I took my first SAT was when I was thirteen years old. Wandering the stacks of my local library, I happened across the test prep section, where I found row upon row of books about preparing for the SAT, the PSAT, the MCAT, the LSAT, the GED, and on and on the list went. I hadn’t heard of most of them, but as a homeschooled student, I had heard over and over again that it would be essential that I get a high SAT score if I wanted to get into a good college. I checked out Ten Real SATs, and one Saturday afternoon, I sat for three hours at the desk in my bedroom and self-administered the test. In retrospect, the very fact that I wanted to spend a Saturday afternoon taking a practice SAT for fun should have told me that I had nothing to worry about.
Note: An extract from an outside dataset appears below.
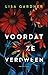 Voordat ze verdween (Frankie Elkin, #1)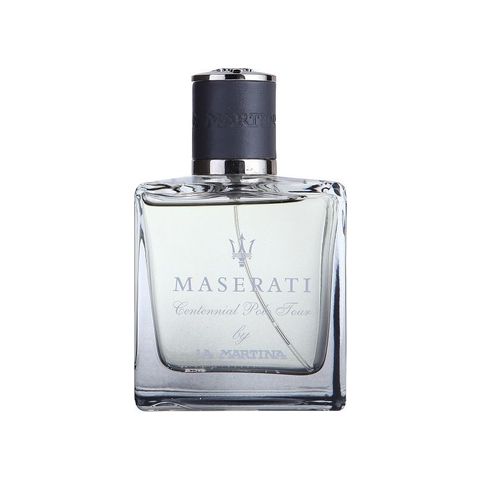 Maserati Centennial Polo Tour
I sometimes read articles bemoaning our education culture of high-stakes testing and test-driven teaching. I meet parents of toddlers who are busily preparing for preschool entrance exams, and parents of middle-schoolers who are stressed and anxious about the tests that will place them into high schools. I hear of schools where test prep has to be emphasized to the exclusion of not only art and music, but also reading novels and writing essays. There are lower-stakes tests as well: every time I log on to facebook, I see that my friends are taking tests for fun: “I got House Lannister. Which Game of Thrones house are you?” their posts query. Or: “78% of Americans will get this math question wrong. Can you find the answer?” Our culture finds itself in a new and troubling relationship with testing. But I would argue that this obsession with tests and testing is nothing new.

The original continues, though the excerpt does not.